Many New York State households don't have enough food. The cause is not always poverty. High expenses, illness, disability, or unemployment can diminish a family's food supply as well. Professor Christine Olson believes the solution is a combination of public policy changes, community involvement, and most importantly, adequate education and technical training for all citizens.
Well-fed Americans typically think of hunger as a foreign affliction, defined by the words emaciation, starvation, malnutrition, even death. Although these terms aptly describe the most extreme forms of hunger, they do not tell the whole story, especially the American version.
In reality, hunger exists in varying degrees along a continuum. Extreme hunger is characterized by total and prolonged food deprivation. Sporadic hunger, the most prevalent form of hunger in the United States, occupies the opposite end of the continuum and is characterized by an uncertain food supply.
Twelve percent of people in the United States don't have access to sufficient food on a regular basis, and members of at least 800,000 households in New York State alone are sometimes or often hungry. The cumulative effects of hunger seriously affect the health of these food-deprived Americans, but they seldom lead to emaciation or death. Unlike the shocking, highly publicized hunger experienced in developing and war-torn nations, sporadic hunger is often overlooked or ignored because it has been neither easy to quantify nor quite so visible.

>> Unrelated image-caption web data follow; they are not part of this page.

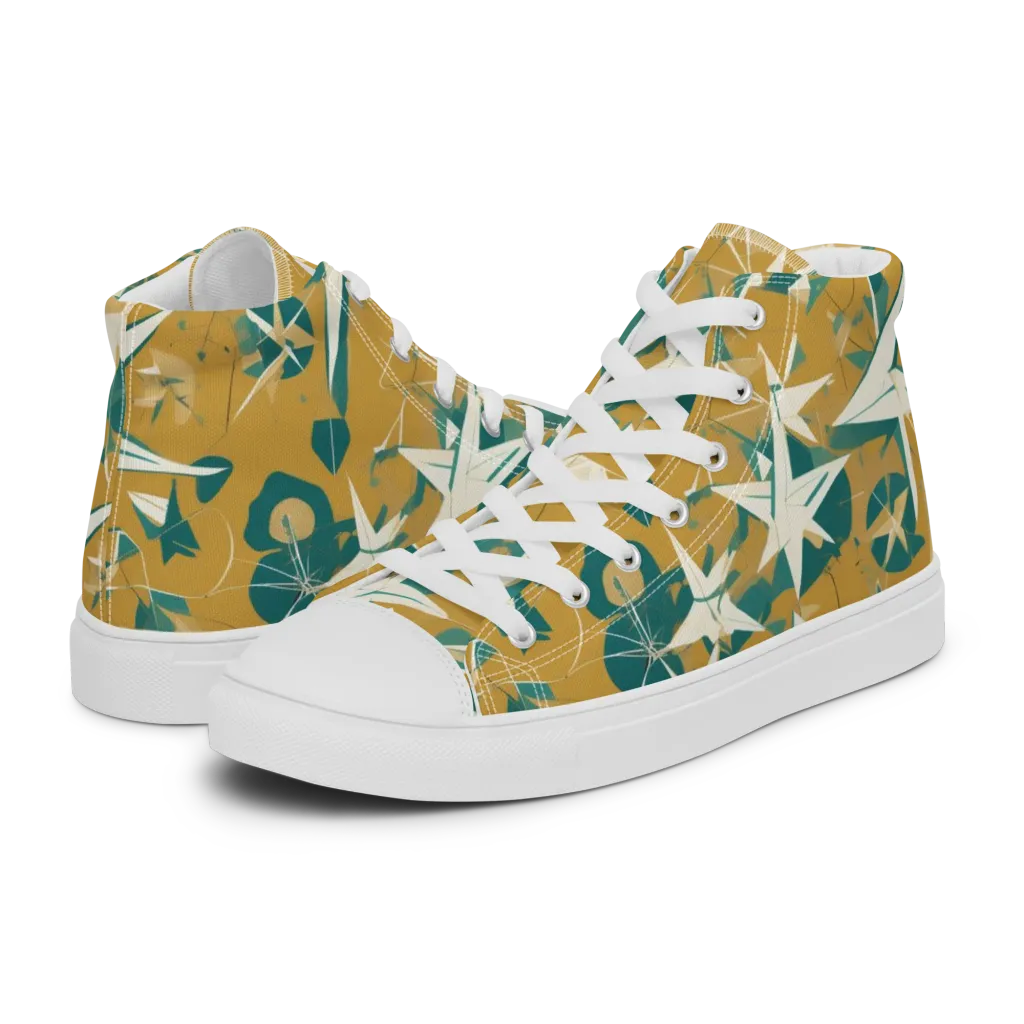 Ochre Flight on Men's High Top Canvas Shoes — Left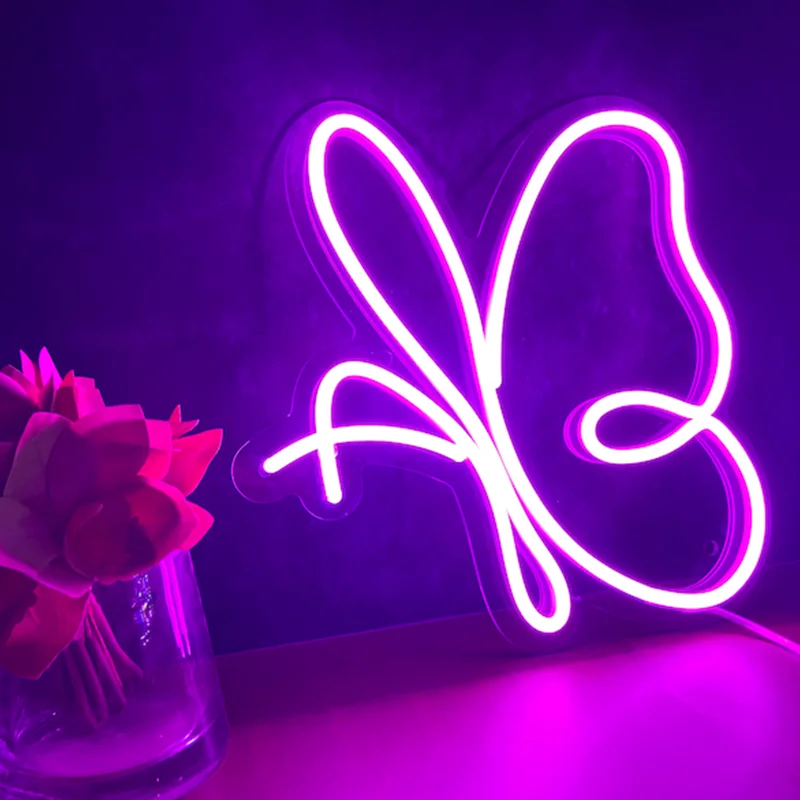 

Butterfly Neon Sign Custom Led USB Light Sign Gorgeous Home Decoration Wall Art Decor Gift Wedding Birthday Office Room Decor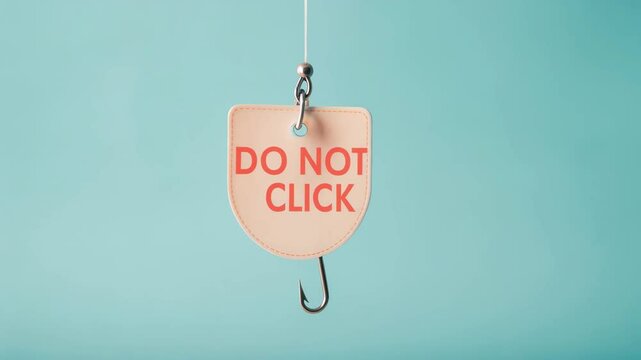 Phishing protection and fraud cybersecurity, A digital representation of a phishing link warning with a "do not" symbol for cybersecurity awareness.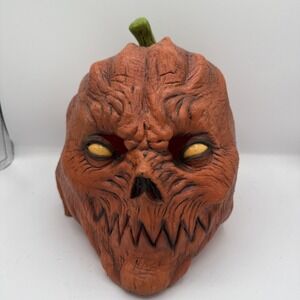 Scary Pumpkin Latex Full Head Mask, Adult Unisex One Size Halloween Costume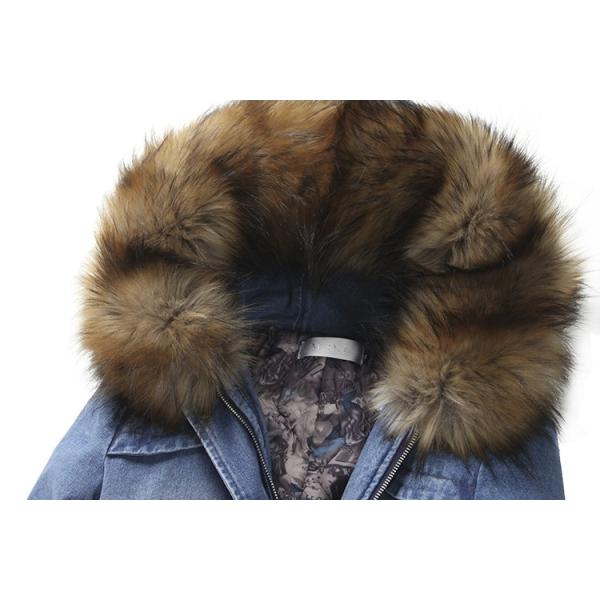 2020 Fur Collar Denim Jacket Winter Waterproof Thick Cotton-padded Hooded Jeans Coat Women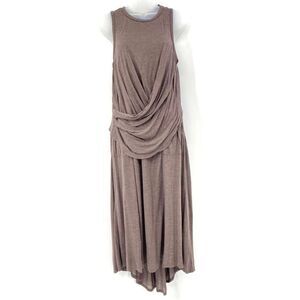Revolve Heather Womens Sleeveless Fishtail Drape Midi Dress Brown Mocha Size Med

"The image in most people's minds when they think of hunger is starving children in Africa with skinny limbs and bloated bellies, and in the United States people don't see children with those characteristics," says Christine Olson, professor in the Division of Nutritional Sciences and recently named the first Hazel E. Reed Human Ecology Extension Professorship in Family Policy. "Our hunger isn't like the hunger in Africa and many of the developing parts of the world that have famine and war."
For over a decade Olson and her colleagues have carefully examined the different face of hunger as it exists in food-rich countries like the United States, exploring methods to quantify it - and developing the terminology to name and discuss it. Their 1987 study of 32 low-income single mothers in New York State produced some startling and sobering findings.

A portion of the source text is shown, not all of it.